Switch(config-if)# ip dhcp snooping trust

Configures the interface as trusted or untrusted.

You can use the no keyword to configure an interface to receive messages from an untrusted client.

Step 4 

Switch(config-if)# ip dhcp snooping limit rate 
rate

Configures the number of DHCP packets per second (pps) that an interface can receive.1

Step 5 

Switch(config)# end 

Exits configuration mode.

Step 6 

Switch# show ip dhcp snooping 

Verifies the configuration.

1 Cisco recommends not configuring the untrusted interface rate limit to more than 100 packets per second. The recommended rate limit for each untrusted client is 15 packets per second. Normally, the rate limit applies to untrusted interfaces. If you want to set up rate limiting for trusted interfaces, keep in mind that trusted interfaces aggregate all DHCP traffic in the switch, and you will need to adjust the rate limit to a higher value. You should fine tune this threshold depending on the network configuration. The CPU should not receive DHCP packets at a sustained rate of more than 1,000 packets per second

You can configure DHCP snooping for a single VLAN or a range of VLANs. To configure a single VLAN, enter a single VLAN number. To configure a range of VLANs, enter a beginning and an ending VLAN number or a dash and range of VLANs.

This example shows how to enable DHCP snooping on VLANs 10 through 100:

Switch# configure terminal
Enter configuration commands, one per line.  End with CNTL/Z.
Switch(config)# ip dhcp snooping
Switch(config)# ip dhcp snooping vlan 10 100
Switch(config)# interface GigabitEthernet 5/1
Switch(config-if)# ip dhcp snooping trust
Switch(config-if)# interface FastEthernet 2/1
Switch(config-if)# ip dhcp snooping limit rate 100
Switch(config)# end
Switch# show ip dhcp snooping
Switch DHCP snooping is enabled.
DHCP Snooping is configured on the following VLANs:
    10-100
Insertion of option 82 information is enabled.
Interface           Trusted        Rate limit (pps)
---------           -------        ----------------
FastEthernet2/1     yes            100
FastEthernet2/2     yes            none
FastEthernet3/1     no             20
GigabitEthernet5/1     yes            none

Switch# 

The following configuration describes the DHCP snooping configuration steps if routing is defined on another Catalyst switch (for example, a Catalyst 6500 series switch):

// Trust the uplink gigabit Ethernet trunk port

interface range GigabitEthernet 1/1 - 2
switchport mode trunk
switchport trunk encapsulation dot1q
ip dhcp snooping trust

! 

interface VLAN 14
ip address 10.33.234.1 255.255.254.0
ip helper-address 10.5.1.2

Note If you are enabling trunking on uplink gigabit interfaces, and the above routing configuration is defined on a Catalyst 6500 series switch, you must configure the "trust" relationship with downstream DHCP Snooping (on a Catalyst 4500 series switch) which adds Option 82. On a Catalyst 6500 series switch, this task is accomplished with ip dhcp relay information trusted VLAN configuration command.

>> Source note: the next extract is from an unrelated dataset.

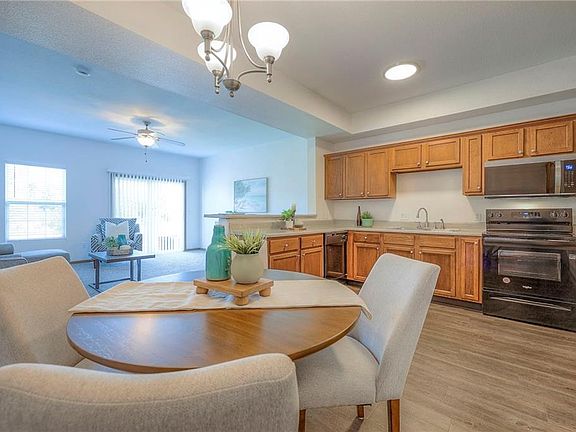 3rd image of 10344 Sloan Ave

Enabling DHCP Snooping on Private VLAN

DHCP snooping can be enabled on private VLANs, which provide isolation between Layer 2 ports within the same VLAN. If DHCP snooping is enabled (or disabled), the configuration is propagated to both the primary VLAN and its associated secondary VLANs. You cannot enable (or disable) DHCP snooping on a primary VLAN without reflecting this configuration change on the secondary VLANs.

Configuring DHCP snooping on a secondary VLAN is still allowed, but it will not take effect if the associated primary VLAN is already configured. If the associated primary VLAN is configured, the effective DHCP snooping mode on the secondary VLAN is derived from the corresponding primary VLAN. Manually configuring DHCP snooping on a secondary VLAN will cause the switch to issue this warning message:

DHCP Snooping configuration may not take effect on secondary vlan XXX 

The show ip dhcp snooping command will display all VLANs (both primary and secondary) that have DHCP snooping enabled.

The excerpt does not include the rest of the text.